• [Exercise directions] Repeat the data below with no changes.

• [Supplied material]
────────────────────

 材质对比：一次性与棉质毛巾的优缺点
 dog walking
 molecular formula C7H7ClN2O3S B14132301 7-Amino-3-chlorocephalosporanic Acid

────────────────────

• [Result for this task]
 材质对比：一次性与棉质毛巾的优缺点
 dog walking
 molecular formula C7H7ClN2O3S B14132301 7-Amino-3-chlorocephalosporanic Acid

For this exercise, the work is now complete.